■ Collected material ■
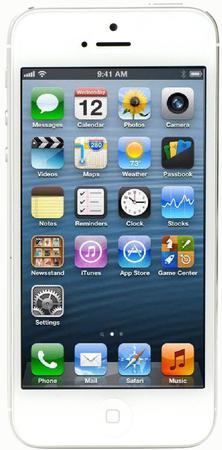 Смартфон Apple iPhone 5 64Gb White & Silver - Истра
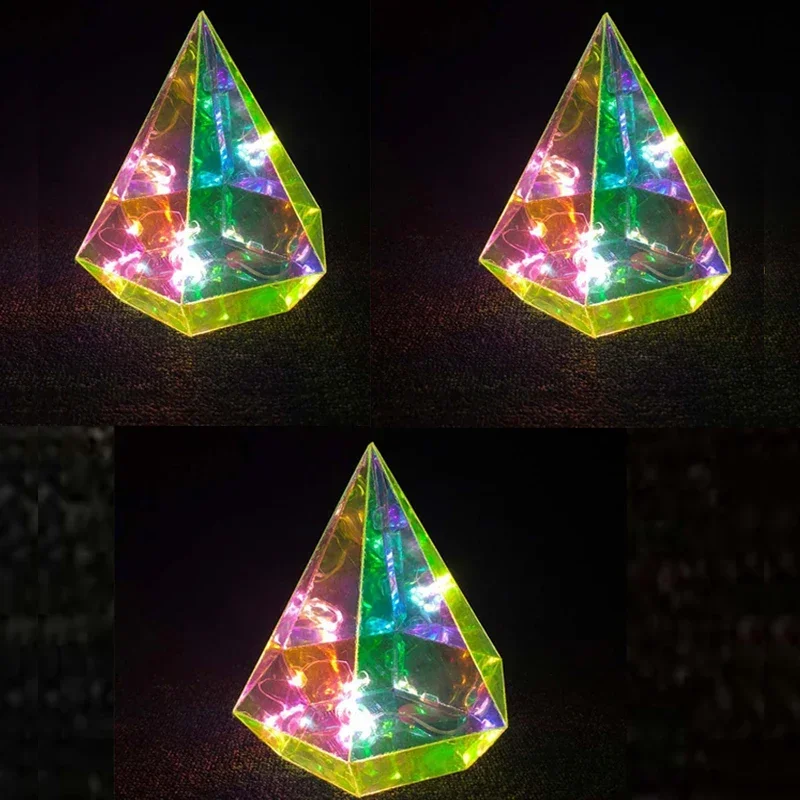 

3Pcs Iridescent Diamond Ceiling Hanging Decoration Supermarket Store Wedding Birthday Party Gift Background Christmas Tree Decor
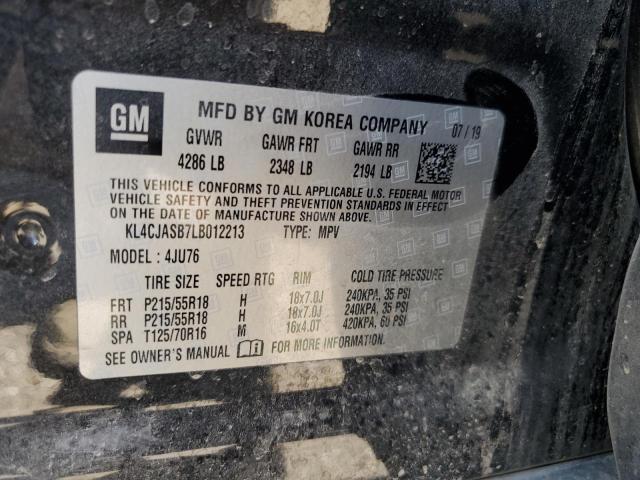 2020 BUICK ENCORE PRE - KL4CJASB7LB012213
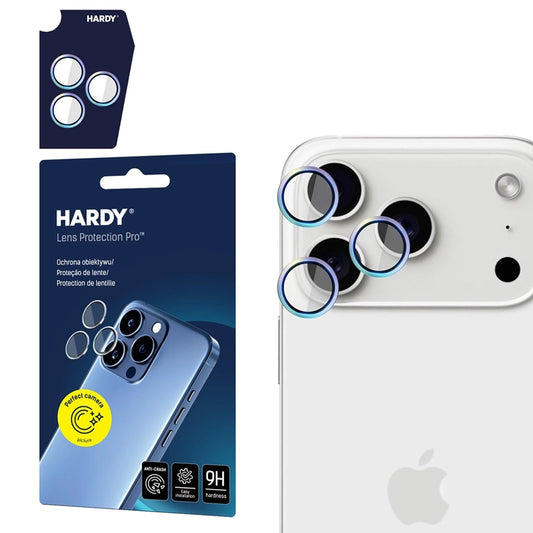 3mk HARDY Objektyvo Apsauga Pro – Objektyvo stiklas, skirtas iPhone 17 Pro / iPhone 17 Pro Max (Vaivorykštinis)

■ Task directions ■
The data is to be restated word for word, with any pictures set aside.

■ Response to the exercise ■
 Смартфон Apple iPhone 5 64Gb White & Silver - Истра

3Pcs Iridescent Diamond Ceiling Hanging Decoration Supermarket Store Wedding Birthday Party Gift Background Christmas Tree Decor
 2020 BUICK ENCORE PRE - KL4CJASB7LB012213
 3mk HARDY Objektyvo Apsauga Pro – Objektyvo stiklas, skirtas iPhone 17 Pro / iPhone 17 Pro Max (Vaivorykštinis)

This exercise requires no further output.